4.1 Financing for TB prevention, diagnostic and treatment services
Progress in reducing the burden of tuberculosis (TB) disease requires adequate funding sustained over many years. The World Health Organization (WHO) began annual monitoring of funding for TB prevention, diagnostic and treatment services, based on data reported by national TB programmes (NTPs) in annual rounds of global TB data collection, in 2002. Findings have been published in global TB reports and peer-reviewed publications (1–3). Recognizing that not all international donor funding for TB is captured in the data reported to WHO, each year WHO complements its analysis of data reported by NTPs with an assessment of international donor funding for TB using donor reports to the Organisation for Economic Co-operation and Development (see Section 4.2). Since 2005, funding for TB research has been monitored by the Treatment Action Group, with findings published in an annual report (4).
At the second United Nations (UN) high-level meeting on TB in September 2023, Member States committed to mobilizing at least US$ 22 billion per year for TB prevention, diagnostic and treatment services by 2027, and US$ 35 billion per year by 2030; a target of US$ 5 billion per year by 2027 was set for investment in TB research (5). These targets were based on estimates of resource needs set out in the latest Global Plan to End TB produced by the Stop TB Partnership (6).
Funding available for TB prevention, diagnostic and treatment services
Data about funding available for TB prevention, diagnostic and treatment services by major category of expenditure and source of funding in the 9-year period 2015–2023 have been reported to WHO by 132 low and middle-income countries (LMICs) (Fig. 4.1.1). These countries accounted for 99% of reported TB cases globally in 2023.

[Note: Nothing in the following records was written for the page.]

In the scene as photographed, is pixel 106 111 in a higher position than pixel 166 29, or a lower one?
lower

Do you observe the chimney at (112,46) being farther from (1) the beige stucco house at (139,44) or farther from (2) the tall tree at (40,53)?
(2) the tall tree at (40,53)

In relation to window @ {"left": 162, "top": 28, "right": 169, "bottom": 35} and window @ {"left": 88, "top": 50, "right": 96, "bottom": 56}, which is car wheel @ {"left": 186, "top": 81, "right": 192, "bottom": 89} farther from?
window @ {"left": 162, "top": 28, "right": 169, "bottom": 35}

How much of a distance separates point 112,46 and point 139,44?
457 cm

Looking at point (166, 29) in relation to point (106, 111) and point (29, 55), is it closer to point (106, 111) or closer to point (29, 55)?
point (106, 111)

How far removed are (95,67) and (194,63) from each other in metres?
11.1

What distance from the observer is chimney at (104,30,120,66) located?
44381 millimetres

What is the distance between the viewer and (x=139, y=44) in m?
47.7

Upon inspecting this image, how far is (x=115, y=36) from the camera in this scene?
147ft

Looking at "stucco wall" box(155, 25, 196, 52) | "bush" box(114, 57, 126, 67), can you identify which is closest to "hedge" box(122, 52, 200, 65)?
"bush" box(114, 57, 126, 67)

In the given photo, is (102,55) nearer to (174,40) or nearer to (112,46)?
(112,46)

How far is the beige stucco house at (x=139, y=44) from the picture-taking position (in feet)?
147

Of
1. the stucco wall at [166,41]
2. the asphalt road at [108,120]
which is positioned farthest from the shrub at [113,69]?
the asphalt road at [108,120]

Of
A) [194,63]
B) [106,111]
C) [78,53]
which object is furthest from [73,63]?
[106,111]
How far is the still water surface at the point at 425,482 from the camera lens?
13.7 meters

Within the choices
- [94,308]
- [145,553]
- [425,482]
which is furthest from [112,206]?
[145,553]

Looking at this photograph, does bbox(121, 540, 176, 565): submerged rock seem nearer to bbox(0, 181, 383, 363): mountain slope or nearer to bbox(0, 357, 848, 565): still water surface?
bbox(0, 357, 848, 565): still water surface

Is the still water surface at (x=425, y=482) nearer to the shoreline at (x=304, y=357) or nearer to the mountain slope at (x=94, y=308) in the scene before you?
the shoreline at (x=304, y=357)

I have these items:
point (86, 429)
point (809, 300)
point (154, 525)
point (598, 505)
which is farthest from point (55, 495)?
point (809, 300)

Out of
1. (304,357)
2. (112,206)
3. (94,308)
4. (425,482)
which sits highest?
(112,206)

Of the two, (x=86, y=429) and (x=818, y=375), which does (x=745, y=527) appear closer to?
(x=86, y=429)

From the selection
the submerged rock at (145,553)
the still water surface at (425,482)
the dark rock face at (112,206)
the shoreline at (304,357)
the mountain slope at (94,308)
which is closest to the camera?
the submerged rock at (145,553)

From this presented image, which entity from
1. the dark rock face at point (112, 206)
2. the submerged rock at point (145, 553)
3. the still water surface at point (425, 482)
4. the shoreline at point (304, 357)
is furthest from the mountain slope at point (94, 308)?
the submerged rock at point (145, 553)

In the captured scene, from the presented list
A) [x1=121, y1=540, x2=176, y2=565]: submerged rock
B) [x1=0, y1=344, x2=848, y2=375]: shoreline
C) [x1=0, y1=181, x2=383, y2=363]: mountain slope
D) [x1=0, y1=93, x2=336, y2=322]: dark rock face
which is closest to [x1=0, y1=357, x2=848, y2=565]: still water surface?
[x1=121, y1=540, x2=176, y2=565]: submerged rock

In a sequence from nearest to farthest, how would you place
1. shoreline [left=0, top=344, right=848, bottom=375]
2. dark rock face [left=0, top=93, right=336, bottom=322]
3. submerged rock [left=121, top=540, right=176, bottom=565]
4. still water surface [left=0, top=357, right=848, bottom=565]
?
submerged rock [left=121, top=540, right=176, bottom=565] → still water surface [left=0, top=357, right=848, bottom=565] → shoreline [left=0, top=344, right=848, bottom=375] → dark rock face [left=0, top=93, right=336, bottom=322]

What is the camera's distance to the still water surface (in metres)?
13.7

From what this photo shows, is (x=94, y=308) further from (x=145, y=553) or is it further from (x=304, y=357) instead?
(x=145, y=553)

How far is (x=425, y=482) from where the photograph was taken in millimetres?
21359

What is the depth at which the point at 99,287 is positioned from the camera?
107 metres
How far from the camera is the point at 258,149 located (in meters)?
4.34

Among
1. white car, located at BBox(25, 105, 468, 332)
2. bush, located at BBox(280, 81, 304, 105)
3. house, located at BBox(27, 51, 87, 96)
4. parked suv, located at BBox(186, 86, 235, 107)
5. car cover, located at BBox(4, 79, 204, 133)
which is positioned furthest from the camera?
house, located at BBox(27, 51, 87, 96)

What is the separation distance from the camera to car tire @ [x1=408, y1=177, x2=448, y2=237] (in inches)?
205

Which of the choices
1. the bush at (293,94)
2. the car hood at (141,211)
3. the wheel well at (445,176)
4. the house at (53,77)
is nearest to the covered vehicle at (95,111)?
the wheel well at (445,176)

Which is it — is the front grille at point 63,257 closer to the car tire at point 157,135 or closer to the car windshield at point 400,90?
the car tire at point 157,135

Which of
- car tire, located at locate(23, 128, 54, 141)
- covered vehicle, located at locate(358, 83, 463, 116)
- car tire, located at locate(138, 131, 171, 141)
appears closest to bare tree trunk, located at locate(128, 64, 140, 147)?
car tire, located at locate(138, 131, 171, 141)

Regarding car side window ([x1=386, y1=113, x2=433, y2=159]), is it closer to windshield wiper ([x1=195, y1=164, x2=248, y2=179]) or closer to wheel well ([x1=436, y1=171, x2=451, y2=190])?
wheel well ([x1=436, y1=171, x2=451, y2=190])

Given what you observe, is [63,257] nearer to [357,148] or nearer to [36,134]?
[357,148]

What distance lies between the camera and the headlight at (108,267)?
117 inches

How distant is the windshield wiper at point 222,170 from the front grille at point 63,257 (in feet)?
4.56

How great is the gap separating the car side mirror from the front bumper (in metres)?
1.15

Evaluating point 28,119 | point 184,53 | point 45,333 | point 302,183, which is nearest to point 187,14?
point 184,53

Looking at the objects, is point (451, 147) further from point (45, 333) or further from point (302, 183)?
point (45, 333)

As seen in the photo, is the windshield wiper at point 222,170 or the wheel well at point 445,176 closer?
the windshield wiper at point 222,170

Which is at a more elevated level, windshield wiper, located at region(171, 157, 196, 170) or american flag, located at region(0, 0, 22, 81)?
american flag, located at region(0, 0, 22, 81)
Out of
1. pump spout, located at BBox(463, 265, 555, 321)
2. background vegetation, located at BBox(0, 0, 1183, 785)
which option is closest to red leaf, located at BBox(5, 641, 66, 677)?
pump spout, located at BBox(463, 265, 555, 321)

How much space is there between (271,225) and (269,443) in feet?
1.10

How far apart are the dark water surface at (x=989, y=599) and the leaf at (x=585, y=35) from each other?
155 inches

Funding available for TB prevention, diagnostic and treatment services in LMICs falls far short of the global targets set at the 2023 UN high-level meeting, and has fallen since 2019. In 2023, the total funding available in LMICs was US$ 5.7 billion, equivalent to only 26% of the target of reaching US$ 22 billion by 2027. This level of funding in LMICs in 2023 was also lower than that the approximately US$ 6.0 billion that was available in each of the previous 3 years (2020–2022) (Fig. 4.1.2).
b The 132 countries accounted for 99% of the global number of notified cases of TB in 2023. In a small number of countries (seven countries in 2023, which accounted for 0.52% of the number of TB cases notified globally), TB funding data for 2023 were not reported to WHO and funding amounts could not be estimated from available data. For these countries, only the estimated financial costs associated with inpatient and outpatient treatment were included.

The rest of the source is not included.